■ Task to complete ■
Your answer should be the exact lines of the data below from the one containing "Jigsaw Maybell Metallic" through the one containing "field，trendsetting，Folklore artist，Art platform）"; please include nothing else.

■ Dataset content ■
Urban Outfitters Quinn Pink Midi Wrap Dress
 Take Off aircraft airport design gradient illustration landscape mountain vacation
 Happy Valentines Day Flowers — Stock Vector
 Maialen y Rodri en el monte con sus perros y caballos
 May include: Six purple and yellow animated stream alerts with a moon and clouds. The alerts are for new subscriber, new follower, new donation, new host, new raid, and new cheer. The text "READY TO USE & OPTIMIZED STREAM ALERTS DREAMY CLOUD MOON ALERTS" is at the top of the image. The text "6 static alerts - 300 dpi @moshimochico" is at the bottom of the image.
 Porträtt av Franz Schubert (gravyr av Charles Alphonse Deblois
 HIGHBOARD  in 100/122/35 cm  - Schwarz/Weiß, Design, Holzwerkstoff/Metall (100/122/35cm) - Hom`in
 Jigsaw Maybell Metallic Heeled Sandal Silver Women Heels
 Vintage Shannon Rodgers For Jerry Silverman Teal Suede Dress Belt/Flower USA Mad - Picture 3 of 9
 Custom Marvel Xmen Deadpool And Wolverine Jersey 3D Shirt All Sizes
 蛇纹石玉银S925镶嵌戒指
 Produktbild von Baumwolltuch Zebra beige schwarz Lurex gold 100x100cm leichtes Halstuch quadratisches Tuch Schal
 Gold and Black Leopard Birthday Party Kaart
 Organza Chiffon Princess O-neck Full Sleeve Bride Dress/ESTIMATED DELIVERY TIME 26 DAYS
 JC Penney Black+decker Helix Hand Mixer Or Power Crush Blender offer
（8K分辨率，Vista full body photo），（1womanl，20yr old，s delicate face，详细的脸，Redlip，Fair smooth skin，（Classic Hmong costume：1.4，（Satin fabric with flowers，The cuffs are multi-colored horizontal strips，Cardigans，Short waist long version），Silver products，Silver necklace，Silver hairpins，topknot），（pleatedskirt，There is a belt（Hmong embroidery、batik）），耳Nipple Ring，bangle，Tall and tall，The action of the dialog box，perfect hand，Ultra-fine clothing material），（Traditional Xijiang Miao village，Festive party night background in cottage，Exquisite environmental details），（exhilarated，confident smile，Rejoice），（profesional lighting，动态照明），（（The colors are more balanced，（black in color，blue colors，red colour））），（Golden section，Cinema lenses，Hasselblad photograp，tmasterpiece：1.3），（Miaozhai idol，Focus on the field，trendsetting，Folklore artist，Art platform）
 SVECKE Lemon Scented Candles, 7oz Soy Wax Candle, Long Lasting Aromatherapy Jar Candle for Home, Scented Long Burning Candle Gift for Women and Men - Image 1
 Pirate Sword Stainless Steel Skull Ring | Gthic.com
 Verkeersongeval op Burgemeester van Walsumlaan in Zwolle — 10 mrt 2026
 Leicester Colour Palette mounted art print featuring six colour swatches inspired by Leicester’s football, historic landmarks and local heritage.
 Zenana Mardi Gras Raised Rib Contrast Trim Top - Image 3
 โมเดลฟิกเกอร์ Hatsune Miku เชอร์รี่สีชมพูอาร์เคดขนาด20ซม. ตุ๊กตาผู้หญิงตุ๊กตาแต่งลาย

■ Expected output ■
 Jigsaw Maybell Metallic Heeled Sandal Silver Women Heels
 Vintage Shannon Rodgers For Jerry Silverman Teal Suede Dress Belt/Flower USA Mad - Picture 3 of 9
 Custom Marvel Xmen Deadpool And Wolverine Jersey 3D Shirt All Sizes
 蛇纹石玉银S925镶嵌戒指
 Produktbild von Baumwolltuch Zebra beige schwarz Lurex gold 100x100cm leichtes Halstuch quadratisches Tuch Schal
 Gold and Black Leopard Birthday Party Kaart
 Organza Chiffon Princess O-neck Full Sleeve Bride Dress/ESTIMATED DELIVERY TIME 26 DAYS
 JC Penney Black+decker Helix Hand Mixer Or Power Crush Blender offer
（8K分辨率，Vista full body photo），（1womanl，20yr old，s delicate face，详细的脸，Redlip，Fair smooth skin，（Classic Hmong costume：1.4，（Satin fabric with flowers，The cuffs are multi-colored horizontal strips，Cardigans，Short waist long version），Silver products，Silver necklace，Silver hairpins，topknot），（pleatedskirt，There is a belt（Hmong embroidery、batik）），耳Nipple Ring，bangle，Tall and tall，The action of the dialog box，perfect hand，Ultra-fine clothing material），（Traditional Xijiang Miao village，Festive party night background in cottage，Exquisite environmental details），（exhilarated，confident smile，Rejoice），（profesional lighting，动态照明），（（The colors are more balanced，（black in color，blue colors，red colour））），（Golden section，Cinema lenses，Hasselblad photograp，tmasterpiece：1.3），（Miaozhai idol，Focus on the field，trendsetting，Folklore artist，Art platform）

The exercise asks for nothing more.